Should the Prosecutor in Rabbi Eisemann’s Case Be Investigated?

The prosecutor who violated the Brady Act by withholding exculpatory evidence while going after SCHI founder Rabbi Osher Eisemann has a previous history of questionable ethics, the NJ Globe reports.

Last Tuesday, Judge Joseph Paone granted Rabbi Eisemann’s motion for a retrial following the revelation of new evidence proving that he didn’t make the QuickBooks entry in question and that a loan prosecutors said he was repaying never existed. Additionally, the judge granted the motion because prosecutors knew of the evidence and hid it from the defense – a violation of the Brady Act.

Prosecutor John Nicodemo, who is responsible for the hiding the evidence, was the one who argued against Rabbi Eisemann deserving a new trial. That’s a headscratcher. Shouldn’t the prosecutor who illegally hid evidence be taken off the case immediately? But this wasn’t the first time Nicodemo has been on the wrong side of ethical actions.

“In an April 2021 court hearing where Nicodemo sought to seal a list of potential targets in a state corruption probe involving cooperating witness Matthew O’Donnell, an attorney representing a former assemblyman facing bribery charges requested a certification from the attorney general’s office that all evidence had been turned over,” the Globe reports.

“But the judge, Mitzi Galis-Menendez, decided she would accept Nicodemo’s word and not require any certification.
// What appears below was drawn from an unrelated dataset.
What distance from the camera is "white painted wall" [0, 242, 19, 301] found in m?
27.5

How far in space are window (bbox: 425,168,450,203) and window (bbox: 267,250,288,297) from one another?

In that case, the judge acknowledged that the attorney general’s office made a mistake in court filings that disclosed the names of the potential targets.  The attorney general’s office filed the motion to seal records two days after the New Jersey Globe sought copies of public court filings.

“Earlier this year, an attorney representing Holmdel in a civil lawsuit against O’Donnell accused Nicodemo of communicating about the case directly to a Superior Court judge without notifying him.

“Nicodemo made an unusual end-run around court procedure by sending a letter to Judge Linda Grasso Jones by mail rather than electronically filing it.  Because Nicodemo didn’t follow the procedure, the court staff uploaded it themselves three weeks later.”

With Nicodemo’s questionable legal maneuvers, the question that begs to be asked is: Should Nicodemo himself be investigated by the Attorney General?